Rescued from the Ruins: The Surviving Manuscripts of St Andrews Cathedral
Today, the east end of St Andrews is dominated by the ruins of its former Cathedral. Once the largest building in Scotland, St Andrews Cathedral held the shrine of the nation’s patron saint, was the base for the kingdom’s senior bishopric (from the 1470s onwards the country’s first archbishopric), and was served by Scotland’s most important monastic community. Indeed, in the early fifteenth century, the chronicler Walter Bower described St Andrews Cathedral as ‘the lady and mistress of the whole kingdom’, and emphasised that its clerics took precedence over all other Scottish churchmen. Yet, for more than 450 years this remarkable building has been open to the elements.
In the summer of 1559 St Andrews Cathedral, traditionally the hub of Catholicism in Scotland, was attacked by committed Protestants. According to Sir James Croft, in a contemporary report sent to the English government, the Reformers ‘put down the [Cathedral] priory of St Andrews in this sort: altering the habit, burning of images and mass books and breaking of altars’. Not long afterwards, the Cathedral’s lead roof was stripped off, and local residents began to remove masonry, causing the glories of the medieval church to descend rapidly into ruins. As early as the 1590s, the Scottish Parliament noted regretfully that St Andrews Cathedral
‘is for the most part already decayed, and daily decays and becomes ruinous in such sort that the same, by process of time, will utterly decay’.

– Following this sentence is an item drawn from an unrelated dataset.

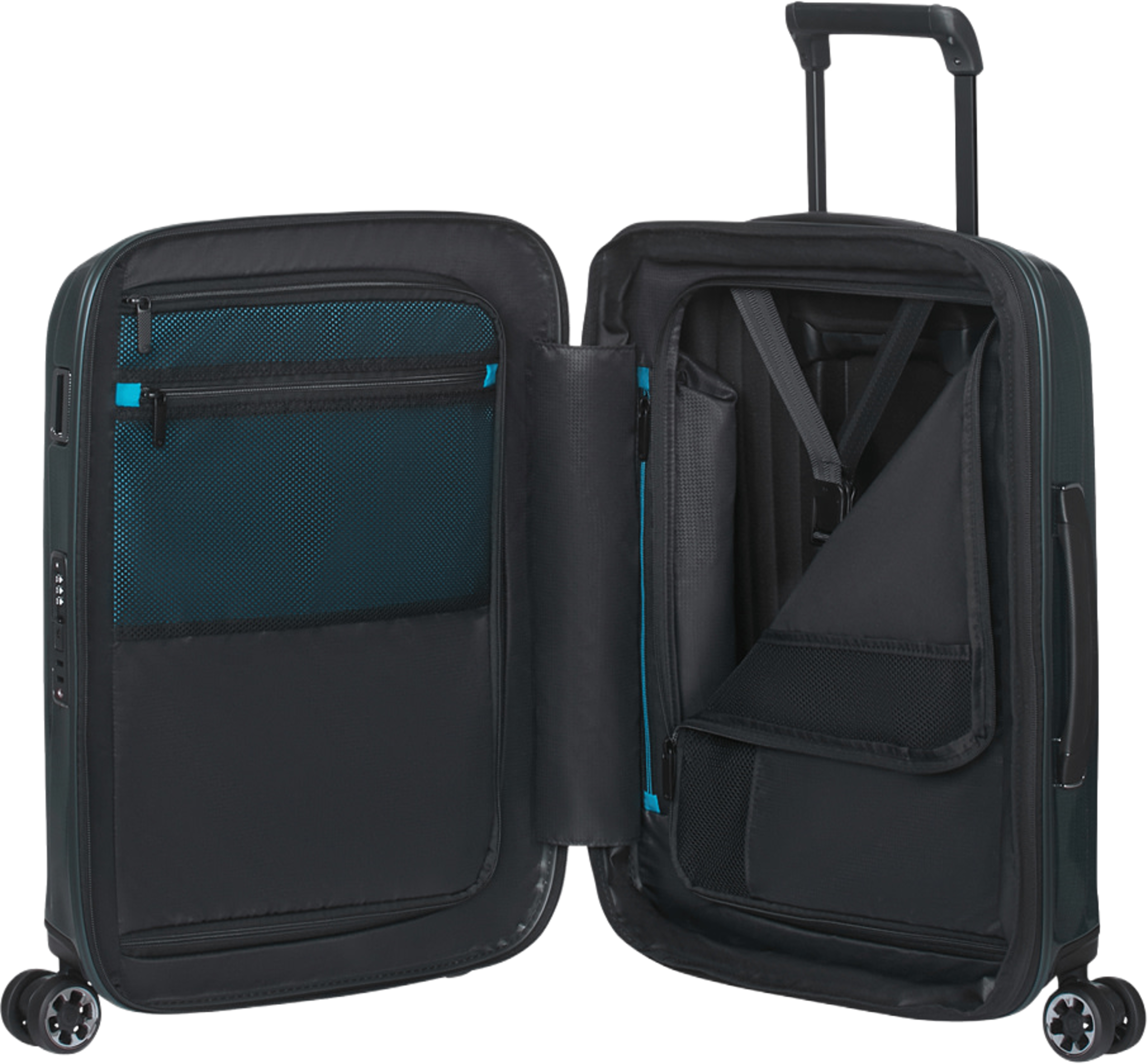 Nexis Exp Kabinväska  55 cm, från Samsonite, i färgen Deep Forest. Klicka för att öppna bilden i stort format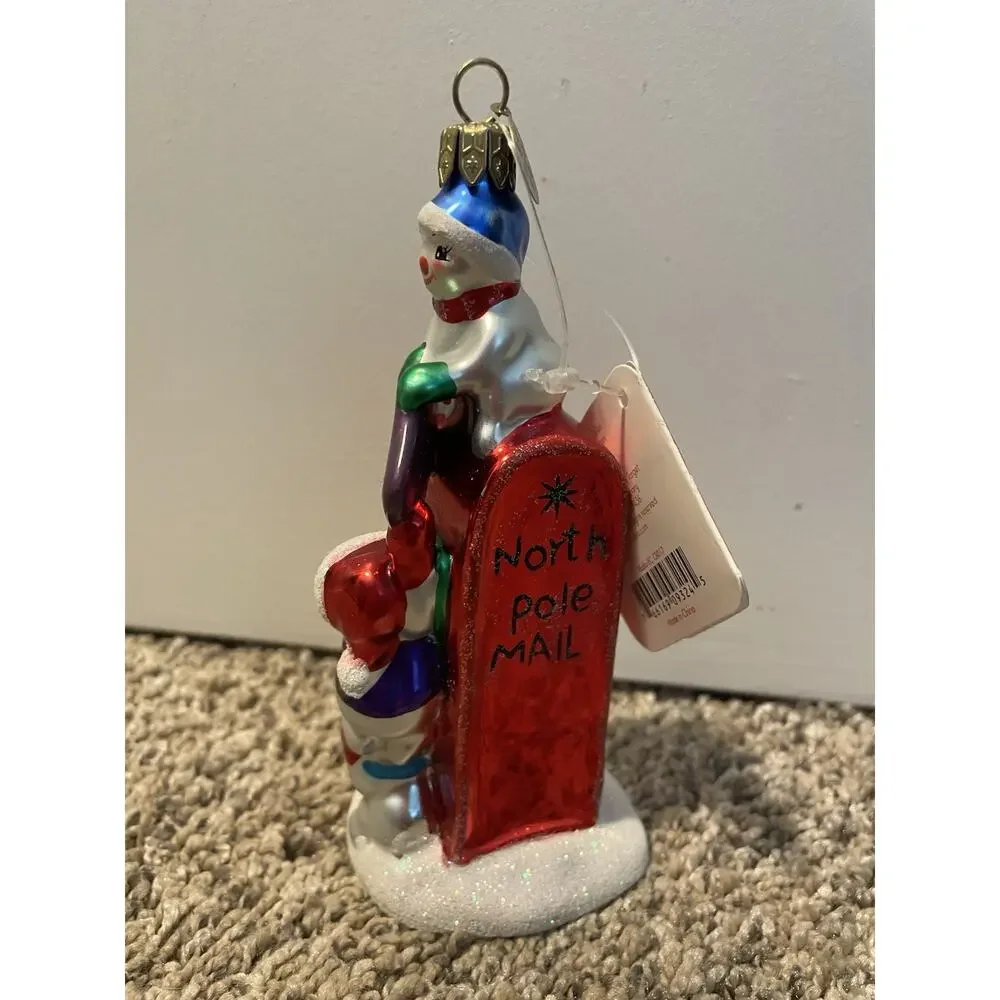 Christopher Radko For Target North Pole Postbox Glass Ornament New Christmas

However, this summer marks a happier moment in the Cathedral’s story – 5 July marks 700 years since the main Cathedral church was consecrated by Bishop William Lamberton in the presence of King Robert the Bruce. The late medieval chronicler Andrew Wyntoun (lived c.1350 to 1422) later celebrated the occasion in verse, recording that:
A thousande thre hundir yhere and auchteyne
Fra Crist was borne of the Maydyn cleyne,
Off the monethe of Iuly
The fift day, ful solempnely
The bischope Wilyame of Lambertone
Mad the dedicacion
Off the new kirk cathedrall
Off Sanctandrois conuentuall.
The king Robert the Bruss honorably
Wes thare in persoune bodely;
And vii. bischopis thare wes sene,
And abbotis als were thare fiftene…
On such an anniversary, rather than regretting what has been lost, it is perhaps worthwhile considering what has survived from the Cathedral – including a varied (and now geographically scattered) selection of manuscripts from the Cathedral Priory.
St Andrews Cathedral had a tradition of book collection and creation that stretched back long before 1318. There had been a religious site at the east end of St Andrews since at least the eighth century A.D. Although none of the early religious community’s books survive, there is reason to believe they did own them. Walter Bower claimed that he had seen at St Andrews ‘the silver cover of a gospel book’ engraved with the words:
‘Fothad, who is the leading bishop among the Scots,
Made this cover for an ancestral gospel-book.’
Details of Fothad’s life and career are sketchy, but he is thought to have died around 963. Sadly these early medieval books did not survive the ravages of time. Instead, the surviving manuscripts from St Andrews Cathedral date from the twelfth century or later.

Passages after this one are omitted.